# Glossary

## Day 1

**Bioavailability:** fraction of the active form of a drug that reaches systemic circulation unaltered

**Chemical space:** virtual space spanned by all possible molecules and chemical compounds adhering to a given set of construction principles and boundary conditions. Oftentimes, used also to refer to a group of molecules belonging to a particular subspace characterized by their physicochemical and structural features.

**Dimensionality reduction:** transformation of data from a high-dimensional space (for example, a vector of 10000 points) to a low-dimensional space (2 numbers) so that the low-dimensional representation still retains some meaningful properties of the original data.

## Day 2

**Classification:** type of supervised ML modelling where the model learns to categorize each input into a specific class.

**Contingency table:** a matrix table describing the distribution of variables across two or more categories. For a binary classification ML model, a contingency table counts the distribution of molecules across 2 variables (real values and predicted values).

**Featurization:** in chemioinformatics, the process of converting a molecule (usually represented by its SMILES string) into a vector of numbers that can be passed to the algorithm. The better we are able to represent a molecule as a numerical vector (i.e, not lose information) the more informative our model will be.

**Input:** data you pass onto an ML model (by convention represented by X)

**Output:** data you get from an ML model (by convention represented by Y)

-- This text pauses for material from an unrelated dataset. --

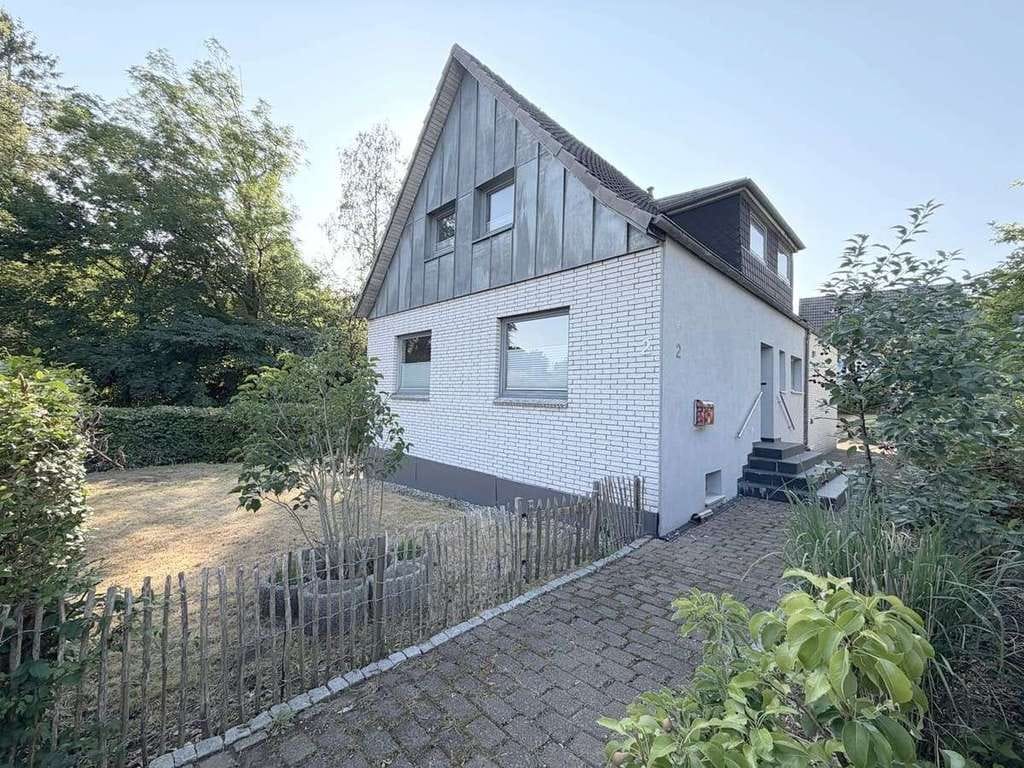 Immobilie in Glücksburg - Freistehendes Einfamilienhaus mit Balkon-Loggia und viel Nutzfläche in begehrter Lage von Glücksburg - Bild 0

**Precision:** measure of a classification ML model performance. It measures the proportion of predicted positives that are actually positive.

**Probability:** likelihihood that a proposition is true. Applied to the output of a classification ML model, how likely it is that a molecule belongs to a specific class.

**Recall:** measure of a classification ML model performance. It measures how many positives we were actually able to identify.

**Reinforcement Learning:** a subcategory of machine learning where the algorithm (agent) learns through a process of trial and error. In chemioinformatics, a generative model learning to predict new molecules is an RL method.

**Regression:** type of supervised machine learning where the algorithm learns to predict a continuous outcome.

**ROC curve**: graph that shows the performance of a classification ML model at all threshold levels. Each point in the ROC curve is the True Positive Rate (TPR) and False Positive Rate (FPR) for a specific threshold.

**Unsupervised machine learning:** subcategory of machine learning where the algorithm is trained on unlabelled data with the goal to identify patterns in it. For example, a UMAP representation of a chemistry dataset belongs to the unsupervised machine learning class.

**Supervised machine learning:** subcategory of machine learning where the algorithm is trained on a dataset of input-output pairs (labelled data) and it learns to map an input to a specific output based on the training set.